RECORDS FOR PROCESSING:
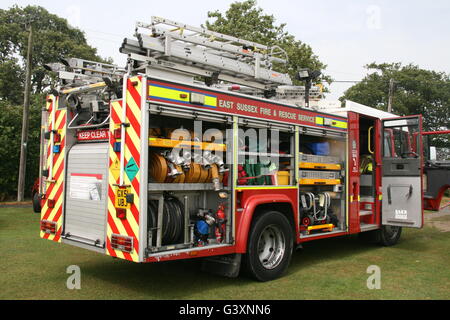 Vue arrière du camion de pompiers VOLVO DE L'EAST SUSSEX FIRE & RESCUE AVEC PORTES OUVERTES montrant l'ensemble de l'équipement Banque D'Images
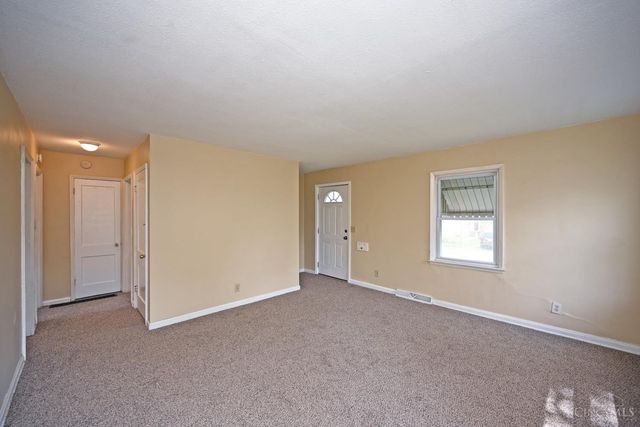 51 Gambier Circle, Greenhills, OH 45218
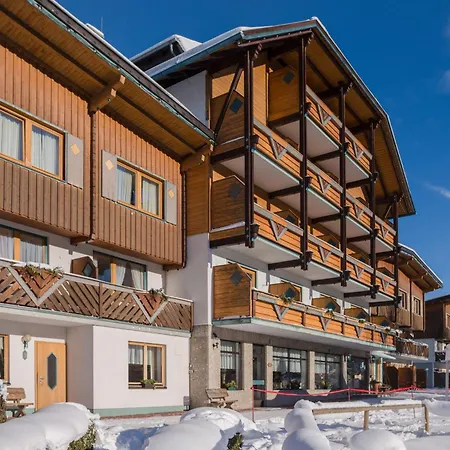 Ferienalm Panorama Apartments-3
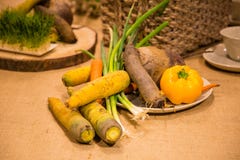 Légumes servis sur la table Images libres de droits Légumes servis sur la table Images libres de droits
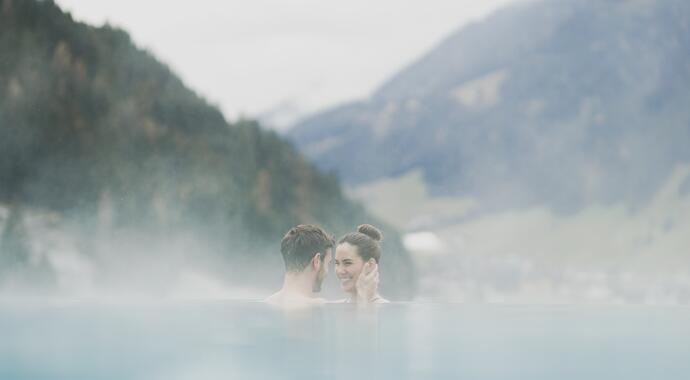 Paar beim Relaxen im Bademantel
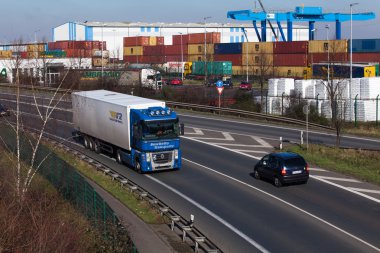 Düsseldorf, Almanya - 16 Şubat: taşıma kamyonu highwa üzerinde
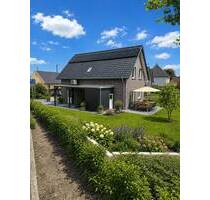 Der Preis ist heiß! Exquisites Neubau-Doppelhaus, KFW 40, bezugsfertig! - Löhne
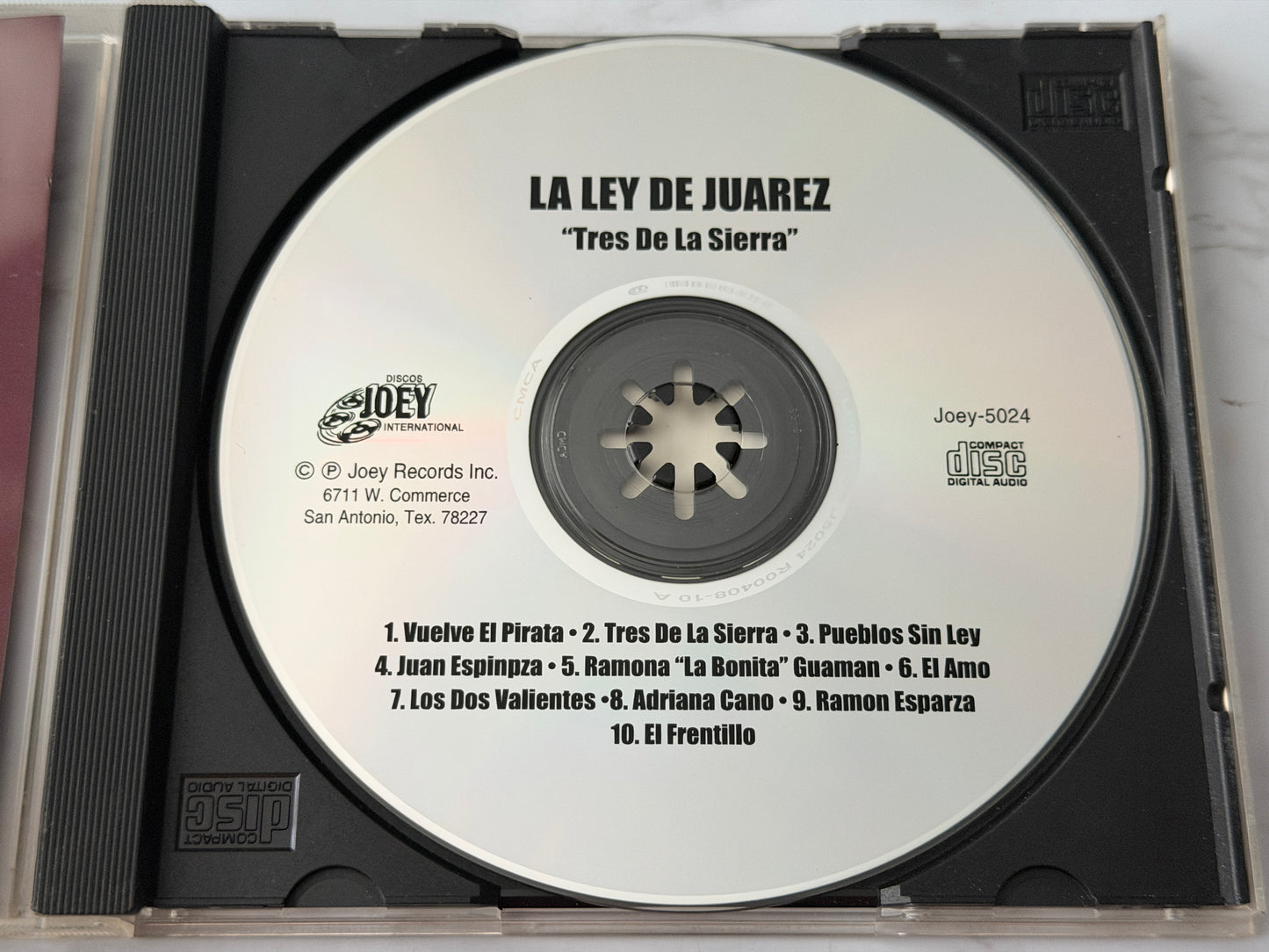 La Ley De Juárez – Tres De La Sierra (2000)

PROMPT:
Every line from the one with "Düsseldorf, Almanya - 16" through the end of the records is to be reproduced exactly, and the pictures are to be left out.

RESULT:
 Düsseldorf, Almanya - 16 Şubat: taşıma kamyonu highwa üzerinde
 Der Preis ist heiß! Exquisites Neubau-Doppelhaus, KFW 40, bezugsfertig! - Löhne
 La Ley De Juárez – Tres De La Sierra (2000)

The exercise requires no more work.